Theology on Tap is a program of lectures sponsored by a number of local Catholic dioceses. The lectures, which are often given by noted spiritual leaders and religious academics, address current topics in religion and theology, and are notable and sometimes controversial for their venue, which is normally a bar or restaurant.  The concept has become common among other Christian Denominations, particularly Episcopalians, Lutherans, Anglicans, and some Presbyterian and Methodist churches.

History
The series was cofounded by Father John Cusick, a resident of Old St.
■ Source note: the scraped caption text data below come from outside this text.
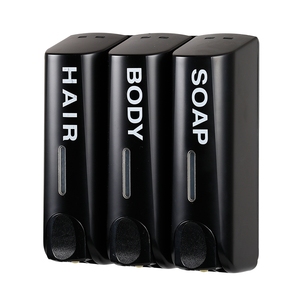 ABS Kunststoff Silber Schwarz Dreifach-Flaschen Eco-Friendly Handseife Duschshampoo Spender 350ml Haushalt & Hotel Gebrauch Wandmontiert - Product Image 2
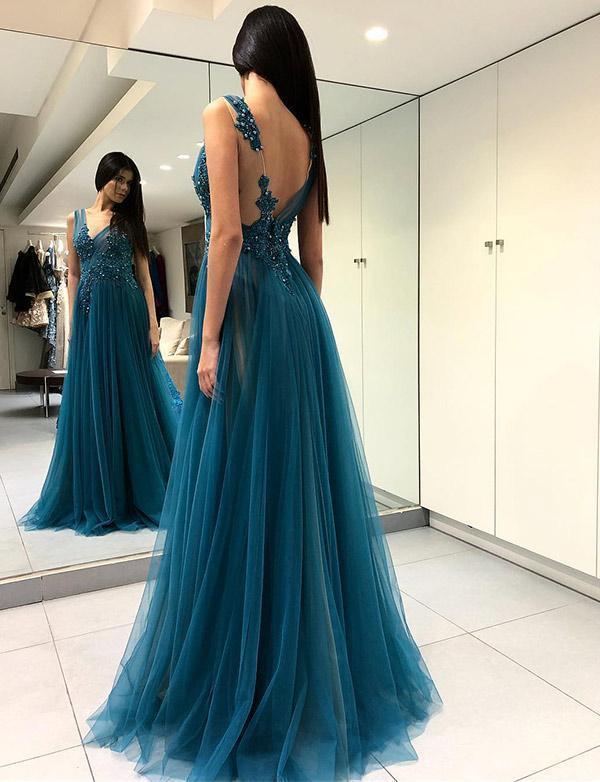 Unique Teal V Neck Side Slit A-line Long Evening Prom Dresses, Cheap Sweet 16 Dresses, 18350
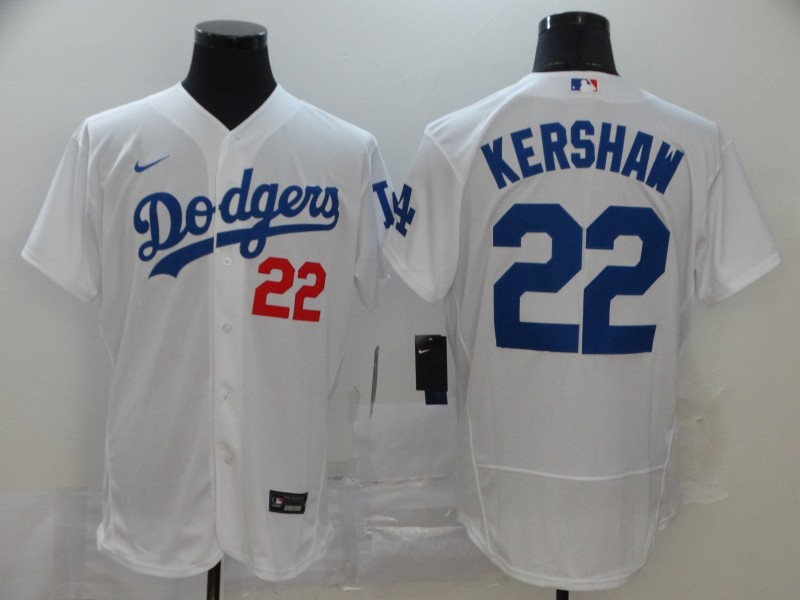 Men's Los Angeles Dodgers #22 Clayton Kershaw White 2020 Nike Flexbase Jersey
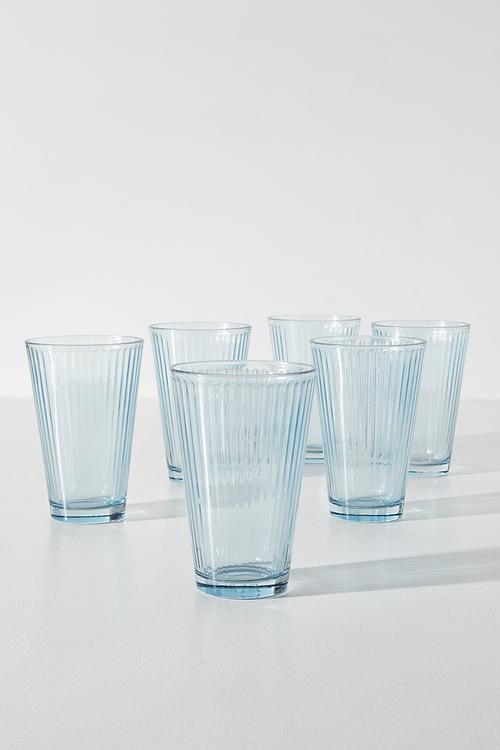 Ribbed Light Blue Drinking Glass Set - 6pcs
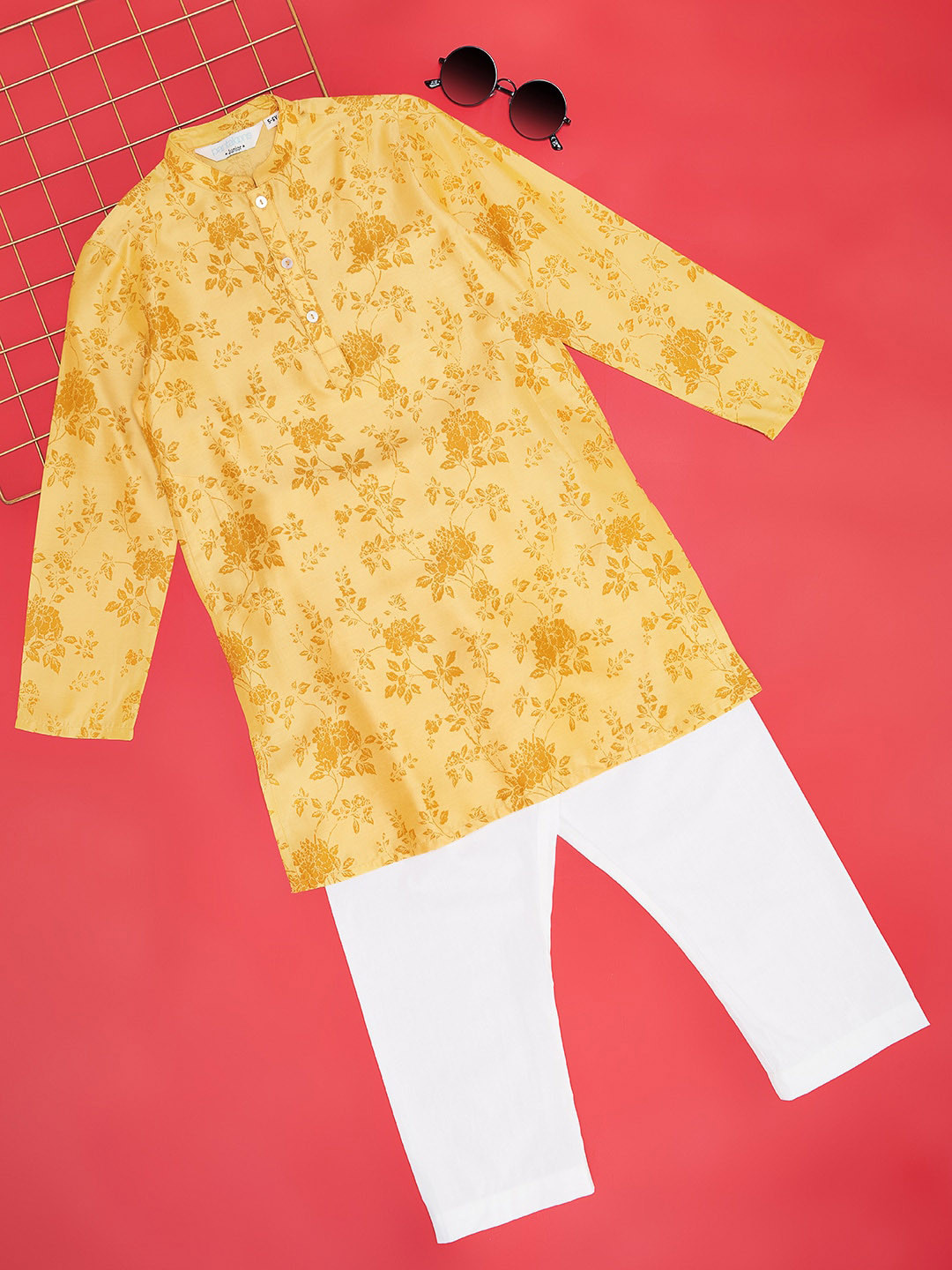 

indus route by Pantaloons Boys Floral Printed Mandarin Collar Long Sleeves Kurta Set, Mustard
Patrick's Parish, and director of the archdiocese's Young Adult Minister and Father Jack Wall in June 1981 in Arlington Heights, Illinois, as the result of comments made by a recent college graduate who was "concerned about his personal identity and finding meaning in life."

Lecture topics have included the sacrament of reconciliation (commonly referred to as confession), Christian values, faith and work, relationship issues, small faith communities, decision making or discernment, embryonic stem-cell research, religious fundamentalism, the relevance of the church in the modern world and to public policy, and women's role in the church.

Reach
Since its inception, the program has spread to more than 180 parishes and dioceses and at least six other countries, including Canada, Italy, Taiwan, the Philippines, Ireland, Australia and Hong Kong.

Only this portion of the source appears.